The idea is to enable developers to make important decisions about whether they want to enter or exit the queue without either facing withdrawal penalties or disrupting other potential projects in the queue window. Nguyen also said that the intention of this period is to validate a certain project application’s worthiness and if it can be considered in the interconnection study.

After submitting all required application materials and a nonrefundable application fee, developers would be able to submit a study deposit if they decide they want to proceed into the queue window.

Phase 1

“Phase 1 is similar to late-stage [Class Year] optional physical feasibility studies but is a more limited clustered study, rather than the individual studies as done today,” Nguyen said.

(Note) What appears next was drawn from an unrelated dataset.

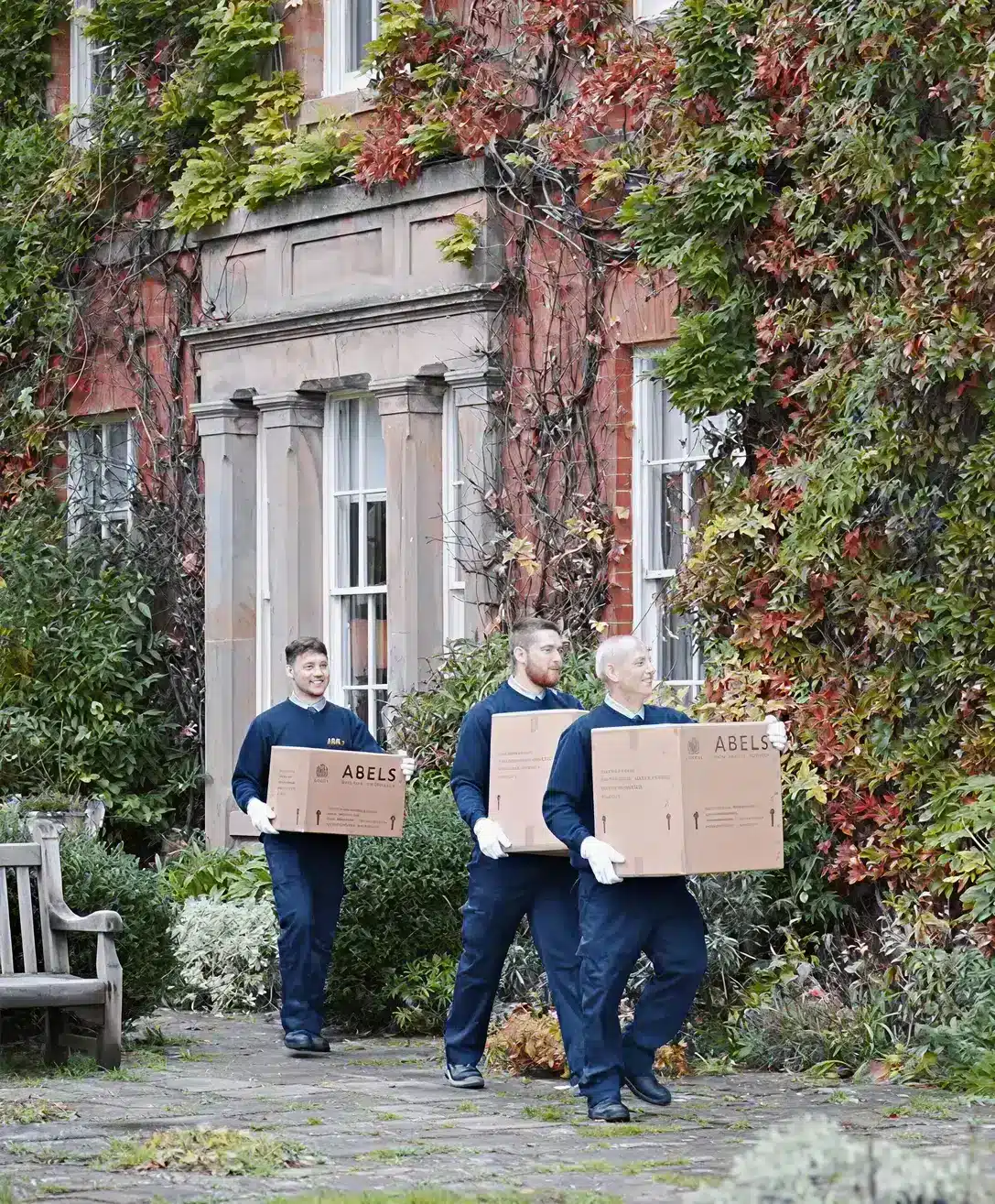 The Space Between: Why Storage Isn’t Just for Boxes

During this period, NYISO would review project design requirements provided by developers to determine a project’s feasibility, such as if existing infrastructure can physically accommodate the project or if it has environmental issues.

This would allow developers with projects identified by NYISO as having potential feasibility issues to decide whether they want to study this issue further or if it is enough to dissuade them from moving on.

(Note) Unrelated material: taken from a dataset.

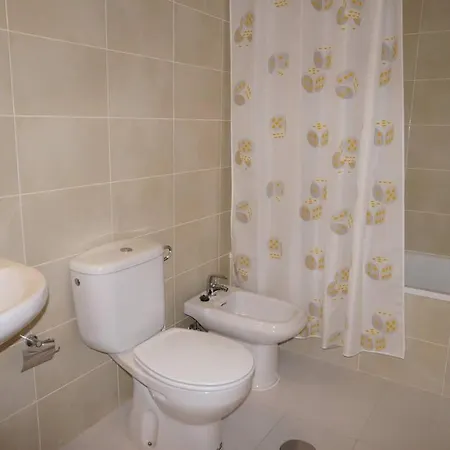 Paraiso Blanco Σπίτι διακοπών Nerja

Nguyen said Phase 1 “lets developers know if they may run into some problems,” so that they can decide to either exit the queue entirely or rejoin later in another window “without delaying other projects.”

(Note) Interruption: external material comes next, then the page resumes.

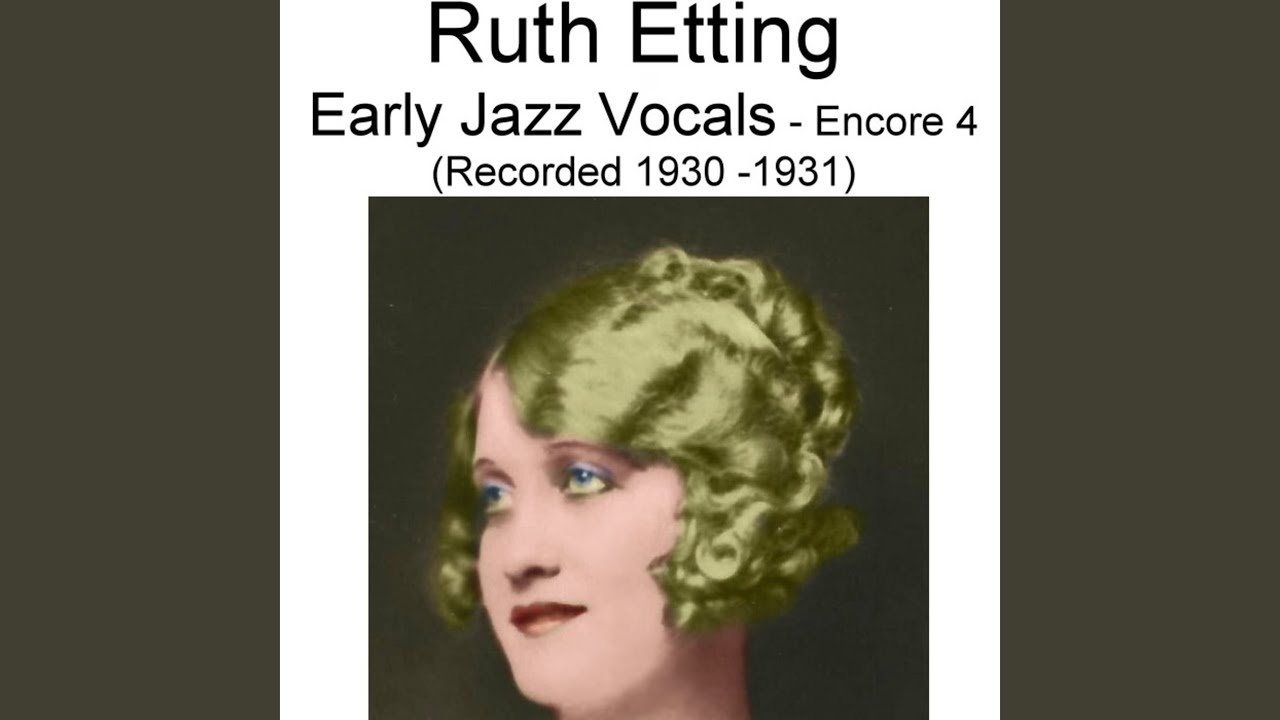 Have You Forgotten? (Recorded 1931)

Should a developer withdraw their project in Phase 1, NYISO would refund them 80% of the study deposit, though projects that move forward to Phase 2 and then decide to withdraw would forfeit the entire deposit.

At the end of this period, NYISO would publicly publish every developer’s decision so that others can understand how a given queue window or project could be affected.

Phase 2

Projects that pass Phase 1 feasibility requirements and posted relevant deposits would enter Phase 2, which is “almost like the system impact reliability study but with a twist,” said Nguyen.

Phase 2 would create binding cost estimates that are based on identified equipment and work upgrades necessary to interconnect a proposed project, which is unlike current processes that produce a nonbinding cost estimate.

Nguyen said Phase 2 is “tailored” to gives developers a “heads-up about some of their potential system upgrades that would be beyond the POI [point of interconnection].”

“This could be a step where we can streamline a lot of processes that we have today,” he said.

During Phase 2 the queue’s base cases would also be updated to reflect projects that were either rejected or withdrew during Phase 1 and the ISO performs limited analyses, such as short circuit, localized stability and screening deliverability analyses to generate useful information that reduces Phase 3 study times.

Developers who accept Phase 2’s results and project binding cost estimates would be required to post a project’s dollars-per-megawatt cash deposit before moving to Phase 3. Projects withdrawn during Phase 3 would see 25% of the cash deposit forfeited.

Like Phase 1, project decisions made in Phase 2 would be posted publicly by NYISO.

Phase 3

“Phase 3 is basically the final study for developers to know the certainty of their cost allocations,” Nguyen said.

During Phase 3, NYISO would update relevant base cases to reflect any projects that withdrew and perform any additional analyses needed to determine a project’s final cost allocation based on potential upgrades identified by the ISO.

Doreen Saia, an attorney with Greenberg Traurig, sought clarification, asking whether “Phase 3 is essentially becoming an additional deliverability study and additional SUF [system upgrade facility] study,” which Nguyen confirmed as correct.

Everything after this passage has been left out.